After that cold December day, I had trouble maintaining my nerves before tests, which is something that I still struggle with today. Test-taking anxiety. It was like a switch had flipped inside of me. Anxiousness before a test is normal, but for me, it felt like I was on a rocky edge, glaring down atop a cliff and into a hole of abyss. If I leapt off that cliff, I would lose control. I needed to keep my balance and focus on planting my feet and controlling my nerves. To most people, I looked like I was thriving as I earned the highest test grades in my school. What people did not see was the work that I had put into studying and practicing before each test to ensure that I would not jump off the cliff of confidence.

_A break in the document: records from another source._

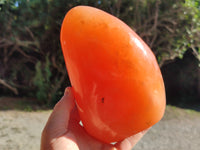 Polished Orange Twist Calcite Standing Free Form x 1 From Madagascar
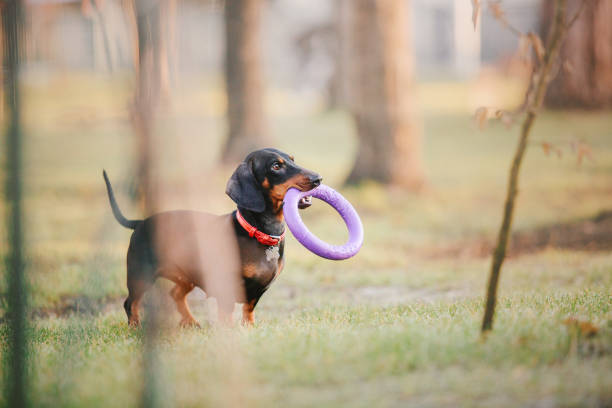 istock Dachshund dog in park. Cute pets. Small dog 1415616524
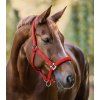 Ohlávka Perlon Satin Waldhausen (Velikost PONY, Barva black)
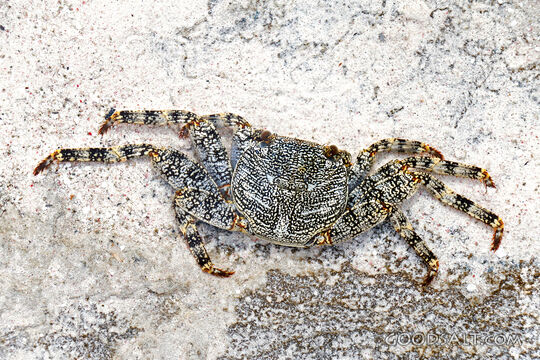 Crab on Coastal Stone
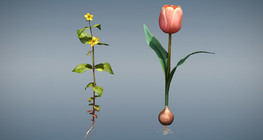 Нэг талт ба хос талт үрт ургамлын ялгаа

Five years after my first panic attack, let me tell you that the first experience was not my last. Through the ups and downs of managing my panic attacks, I realized two important things. The first one is that working hard is a crucial step in success. Do not expect to accomplish your goals without putting in the efforts that you need to.The second one is that you shouldn’t stress the could-haves. If it should have, it would have. I am a big believer in fate or destiny. Life can be manipulated by luck. There are just some things that are out of our control. Maybe we are just tiny pawns in someone else’s game, but nonetheless, we must know that one event will not determine our entire lives. Looking up at the sky, behind all of the dark and gray clouds, the radiating sun shines. I like to think that there is always good that comes out of struggle. My perseverance stemmed out of my failures. There needs to be clouds in order to make the sunny days even brighter and worth the wait.

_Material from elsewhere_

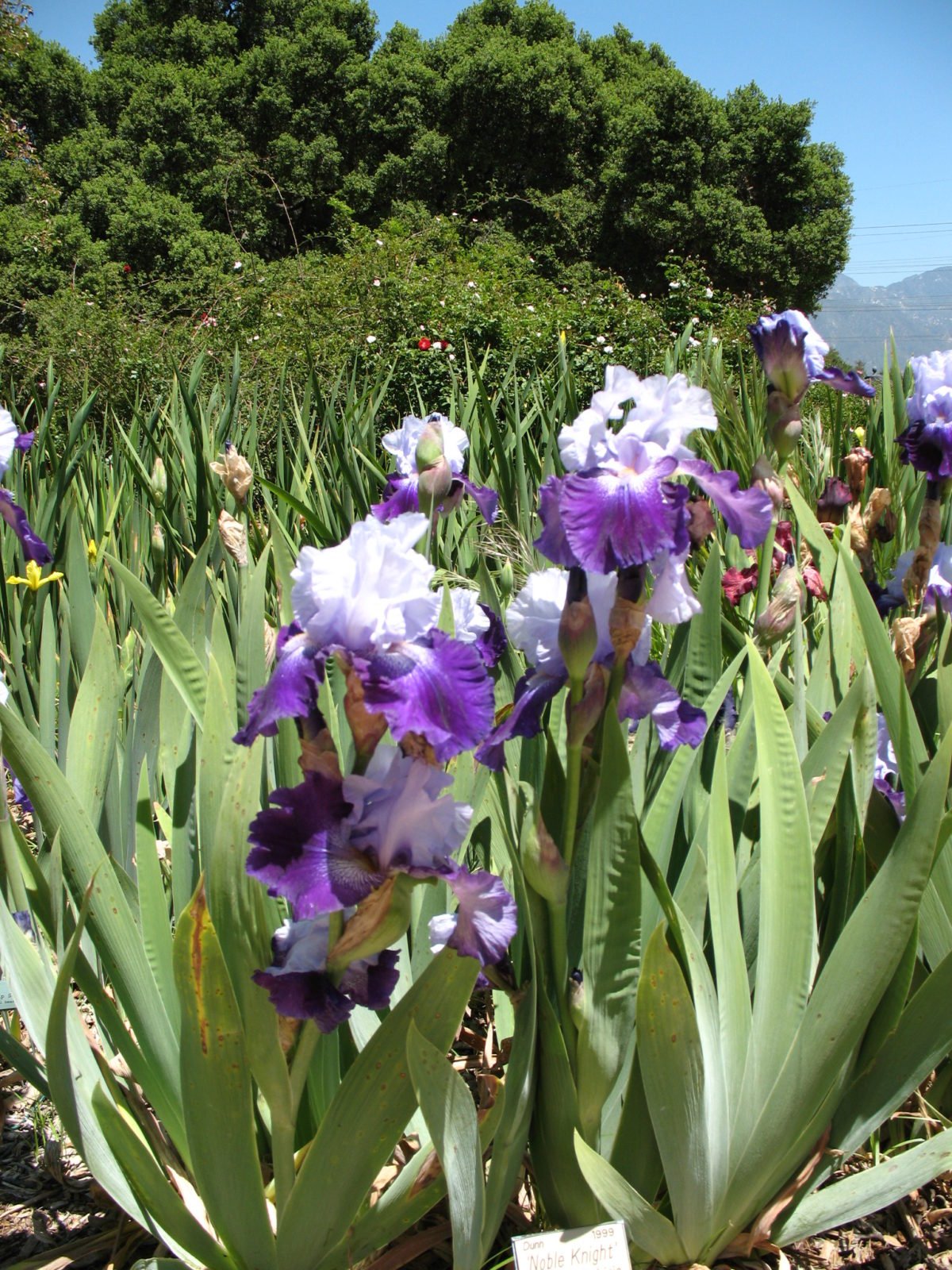 Surprise!  Sun-loving Iris are drought tolerant, but daffodils–not so much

Through Magnify, I hope to connect with all of you and make our journey as memorable as possible. We are all navigating our own individual struggles, which is part of what makes life so special. But at the end of the day, we do all have something in common: the experiences that we are capable of sharing. Despite all the chaos in our lives, I hope we find the time to observe and embrace the full greatness of our world. I hope my blogs will be able to help you in your everyday life, whether that is expressing my own story, doing research on mental health aspects, or inspiring you to prioritize your own mental health. The world is in unprecedented times right now, but we can form our community and family of advocates for mental health, creating a place that is more equal, happy, and lively.
P.S. I did end up making the orchestra the next year! It took a lot of strength to go back to that audition room, but I got the courage to do so! Anything is possible if you just believe in yourself.